Let us then examine some of the evidence for the Christian faith. We must approach this task like a crime scene: What does the evidence point towards?
- The Resurrection
As St Paul outlines in 1 Cor 15:14, “If Christ has not been raised, then our preaching is in vain, and your faith is in vain.” The stakes here are monumental. Either bodily death is not the end, or else we’ve been fooled by some grand conspiracy! Luckily, we have many eyewitness testimonies, including many willing to die for what they saw and knew to be true — the reality of the risen Christ. As Pascal wrote in his Thoughts: “I believe those histories whose witnesses let themselves be slaughtered.” It is very unlikely that dozens of madmen or liars would risk their lives for such a fabrication.

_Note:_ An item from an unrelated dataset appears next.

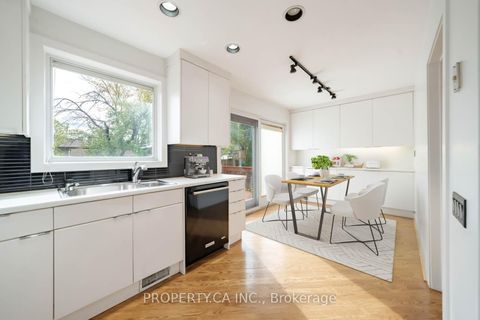 Photo 5 at 19 Arlstan Drive, Bathurst Manor, Toronto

On the more scientific front, we also have the enigmatic Shroud of Turin, with its 500,000+ hours of study — a singular object seemingly hinting at a singular event …
Jesus Christ fulfilled more than 300 prophecies from the Old Testament, including precise details that are all documented in the New Testament.
In the Gospels, we see Jesus preaching a unique message of charity and self-sacrifice, confirming His authority with many signs and wonders. It is often the latter that led unbelievers to convert – their minds were convinced, leading to a change of heart. Let us not assume that these people were fools, for why else were the disciples terrified by the “ghost” they saw walking on water?
- The Saints
“[H]e who believes in me will also do the works that I do; and greater works than these will he do.” (Jn 14:12)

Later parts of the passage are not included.